I live across the street from a university with a good reputation in the arts. There are dozens of arts opportunities every year that I can absorb—many of them free or nearly so.
For instance, last summer my husband and I took our daughter to an exhibit of Rembrandt’s “Beggar Etchings.” When have we ever had Rembrandts—or many other things this old—in our little town? These etchings are almost painfully realistic; not even sympathetic necessarily. It was exciting just to be in the room with something the artist worked on.
“Beggar Seated Warming His Hands at a Chafing Dish,” Rembrandt van Rijn
Then there was the snowy night I went to a faculty recital by soprano Anne Basinski, who was being accompanied by my friend Lee Heuermann. I went to support Lee, and didn’t really want to be there because I was in the throes of an icky cold. But when Anne and Lee sang Lakme’s Flower Duet, I shut my eyes and I was transported (you can click on the link and listen).

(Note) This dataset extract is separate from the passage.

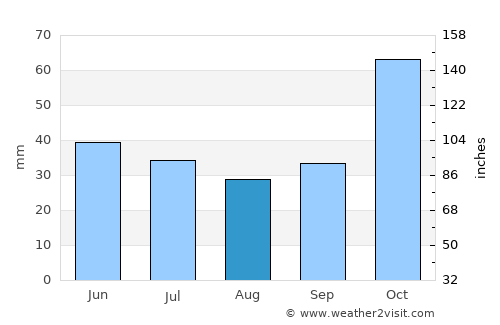 Kranéa Elassónos average rain in August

This week I’m going to see a new exhibit of paintings by Montana artist Fra Dana, an American Impressionist. Dana was a cattleman’s wife torn between her ranch duties and love of art. In 1897, the year after her marriage, she began to study at the Chicago Art Institute with William Merritt Chase. Chase’s other students included Georgia O’Keeffe and Joseph Stella (and his “Girl in a Blue Kimono” is coincidentally up there on my page). A prenuptial agreement allowed Fra (pronounced “Fray”) Dana to study in New York and Paris with some of the most important American Impressionist artists. Here’s one of her paintings:
…and here’s a portrait of Dana by William Merritt Chase—also part of the exhibit on campus:
She doesn’t look very happy, and I don’t think she was. After trying for several years to mix her art and traveling with the life of a ranch woman, Dana gave up her painting dreams. Near the end of her life she wrote that she could fight the world and win, but could not fight both the world and her husband and win.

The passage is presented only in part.